+++ DATA BLOCK +++
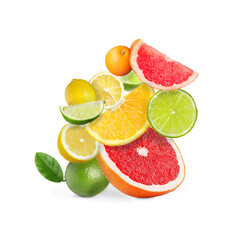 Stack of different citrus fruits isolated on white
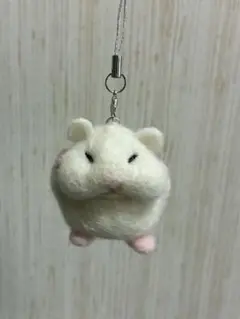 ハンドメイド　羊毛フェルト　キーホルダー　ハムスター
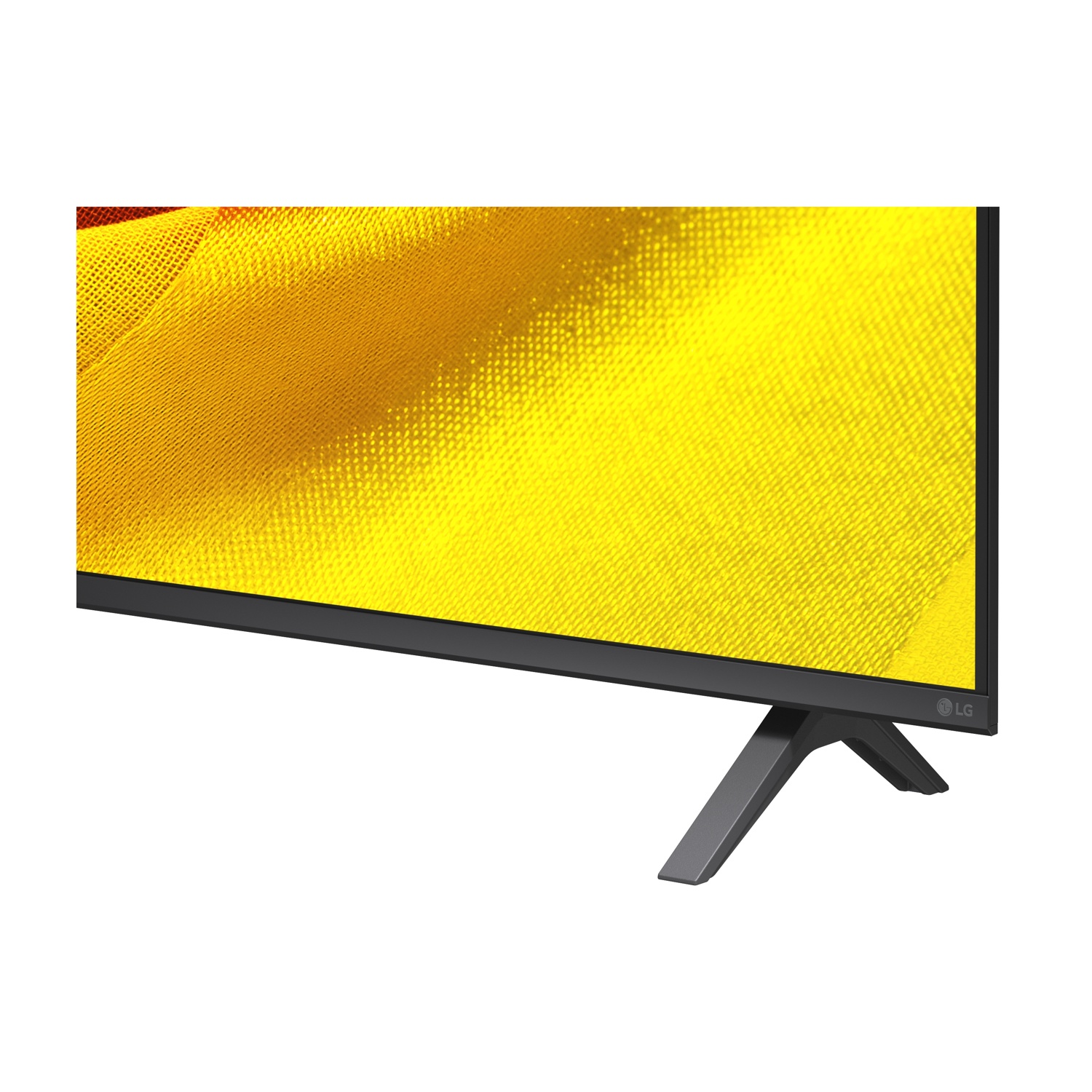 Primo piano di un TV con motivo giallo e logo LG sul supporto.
+++
- [PROMPT]:
Retype the data above exactly. Leave the pictures out.

- [EXERCISE RESULT]:
 Stack of different citrus fruits isolated on white
 ハンドメイド　羊毛フェルト　キーホルダー　ハムスター
 Primo piano di un TV con motivo giallo e logo LG sul supporto.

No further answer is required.